=== Begin Enclosure ===

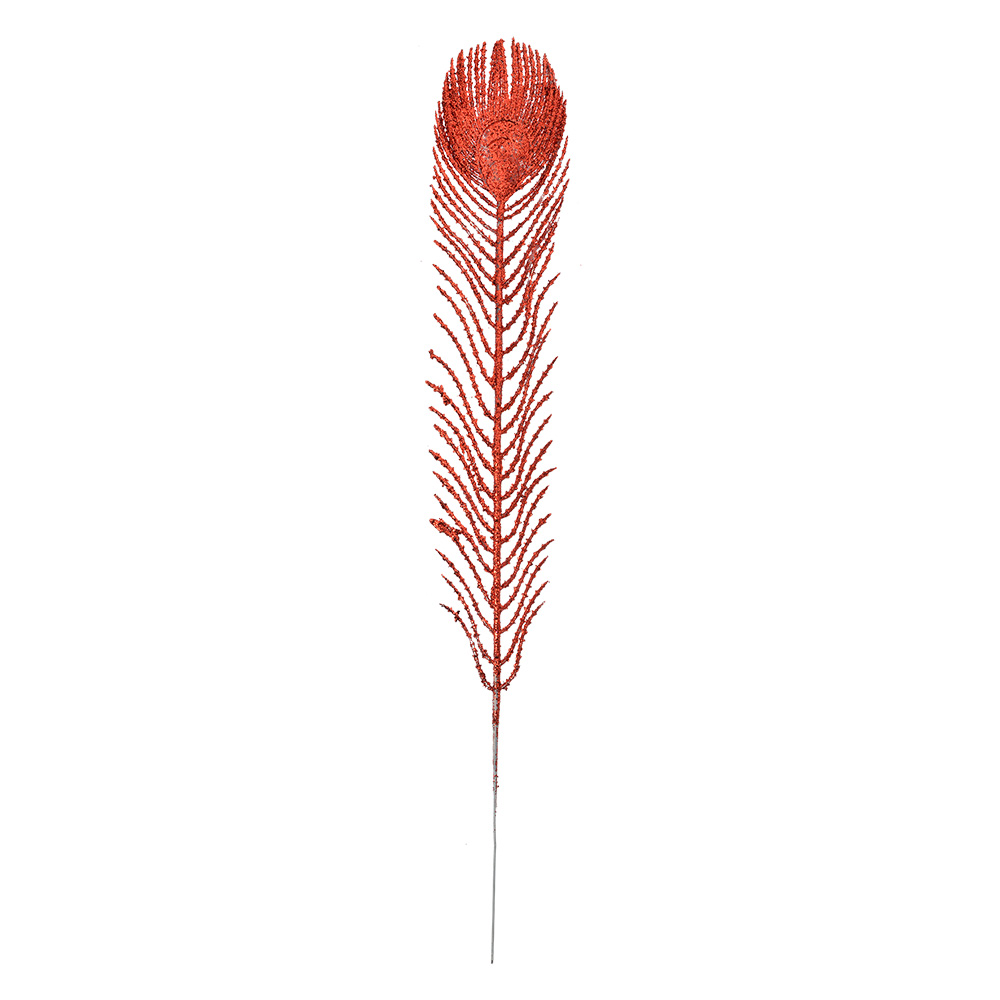 Decorazione Natale Piuma Rosso 7x1x42 cm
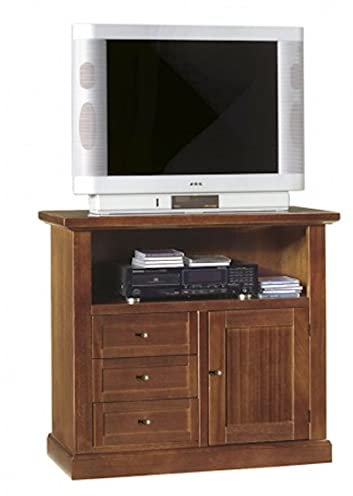 Mar.c.a. Design, Mueble TV Salon, Mueble TV Madera, Nogal Oscuro - Soporte TV con Estante, Cajón y Puerta Lateral para Objetos - Mueble Salon 84x40x80H Estilo Clásico - Mueble para TV, Made in Italy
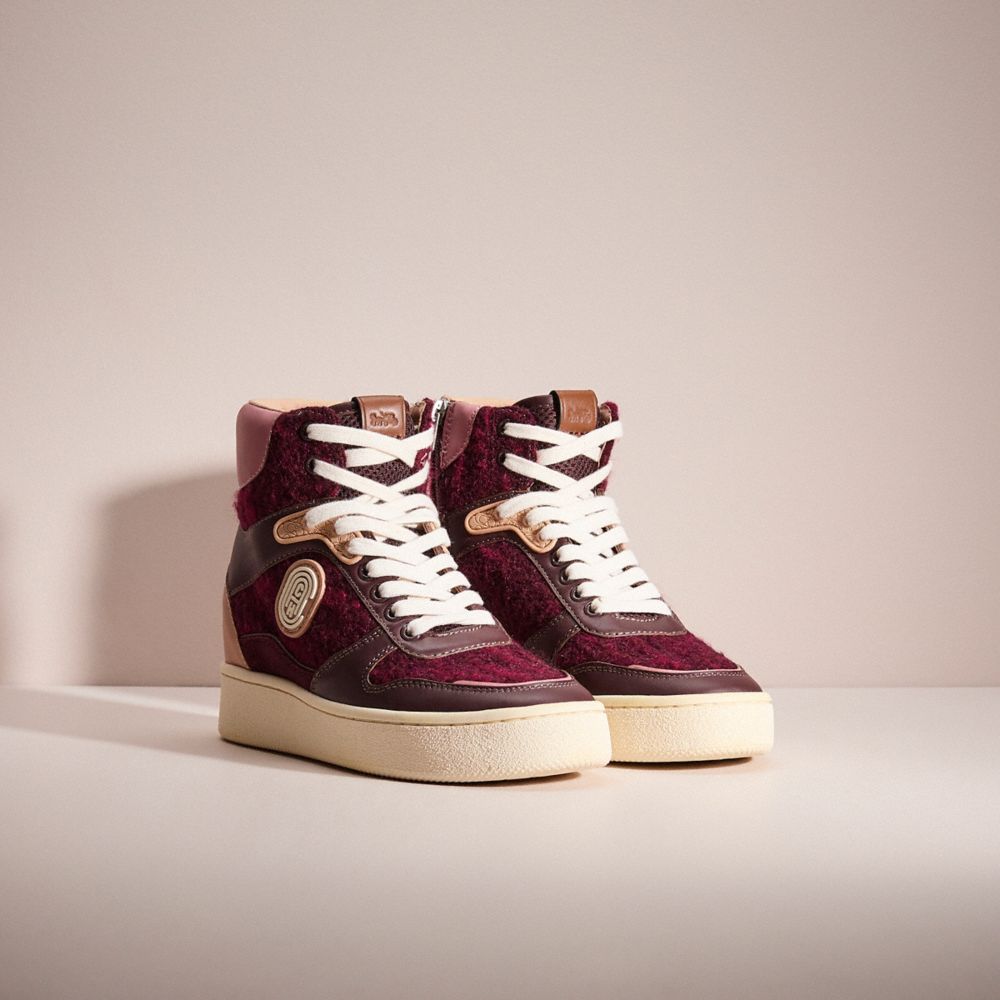 COACH®,Restored C220 High Top Sneaker,Rubber,Casual,High Top,Logo,Color Block,Sustainable,Casual,Maroon,Angle View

=== End Enclosure ===

WHAT IS REQUIRED =>
The output should be the material above, copied exactly, without its pictures.

SOLUTION =>
 Decorazione Natale Piuma Rosso 7x1x42 cm
 Mar.c.a. Design, Mueble TV Salon, Mueble TV Madera, Nogal Oscuro - Soporte TV con Estante, Cajón y Puerta Lateral para Objetos - Mueble Salon 84x40x80H Estilo Clásico - Mueble para TV, Made in Italy
 COACH®,Restored C220 High Top Sneaker,Rubber,Casual,High Top,Logo,Color Block,Sustainable,Casual,Maroon,Angle View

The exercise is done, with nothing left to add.